If someone asked what free jazz or the avant-garde sounded like today, not in its extended technique and minimalist and maximalist fringes, but in its unstable center, I would point them to One for My Baby. It is just one of those albums. Not conventional, but also not extreme. It includes familiar elements, but nevertheless continues to probe these elements, perform them with vigor, and arrange them in exciting ways.

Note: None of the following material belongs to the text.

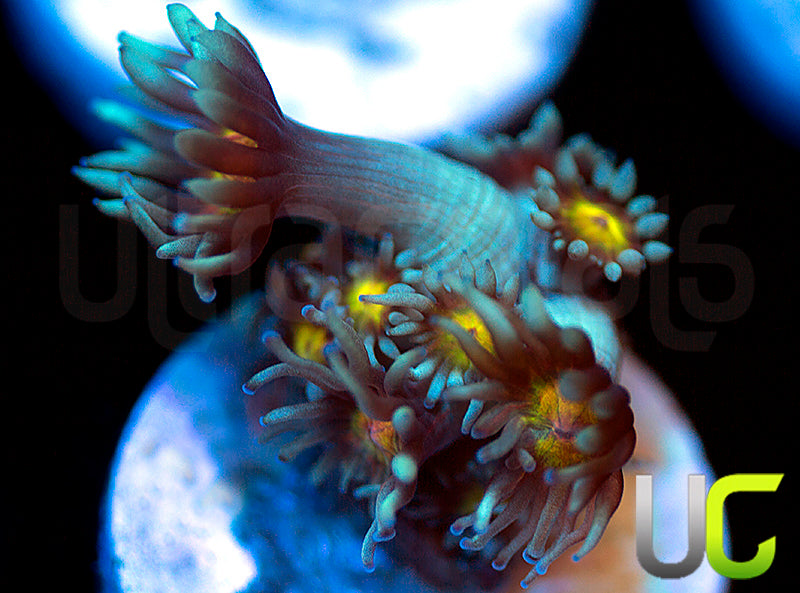 UC Rainbow Wolverine Goni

Now for the novelty of the album itself. It includes two discs, one mixed by Robert Amarell and one by Gilbert Eiche. One can hear the differences in the fullness of the Amarell versions and the woodier, acoustic-forward sound of the Eiche version. I am not sure whether this is a big selling point in the end. That said, it is something I have not encountered before and, for those with the attention, makes for an interesting comparative listen.

3 comments:

Colin Green said...

Nice review, Nick. I think you’ve got the topography right.

Captain Hate said...

Peter Brötzmann is 80 years young today.

Captain Hate said...

Sorry for the distraction. Excellent review. I think I like the Eiche mix better but that might be because I was already familiar with the pieces. Further listening will resolve that but it's a most unusual way to present music.